Cash ISAs

It’s estimated that 80% of the 12.5 million ISAs that have been opened are cash ISAs, and there’s a very good reason why they’re so popular: with a cash ISA, you don’t pay tax on the interest you earn. This makes cash ISAs an attractive option for anyone who normally pays tax on their savings, and it’s one of the main reasons why they’re the best way for most people to save money. And although the new Personal Savings Allowance (PSA) means that all basic rate taxpayers will now earn £1,000 interest from all savings without being taxed on it, cash ISAs are still worth considering as the cash saved within them will be tax-free indefinitely.
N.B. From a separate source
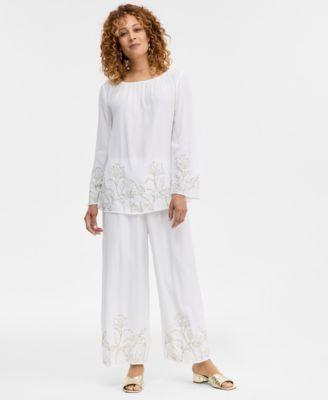jm collection womens embroidered blouse pants macys exclusive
UK residents aged 16 or over are entitled to open a cash ISA, and from April 2017 the annual limit for all ISAs combined is £20,000 (up from £15,240 the previous year). At the beginning of each tax year (6 April) you’ll receive a new ISA allowance. If you don’t use it, you’ll lose it – your ISA allowance can’t be rolled over to the next tax year. You may invest your full ISA allowance in cash, stocks and shares, innovative finance or a combination of any of the different types of ISA available. You can also switch your ISAs to take advantage of higher interest rates.

Determining whether or not a cash ISA is right for you depends largely on the amount of cash you have to invest. If your total savings are less than the total cash ISA allowance, the new PSA means that there’s likely to be no tax benefit to putting your money in an ISA compared to a normal savings account. If you have more savings than the cash ISA allowance, high interest current accounts are likely to be the best place for your money as, purely on interest, they’re far superior to cash ISAs. However, if interest rates increase (and the PSA doesn’t cover all your interest) you could lose out in the short term. If you have significant savings, putting/keeping some money in a cash ISA is a good idea, as it will protect you from future tax liabilities should interest rates rise.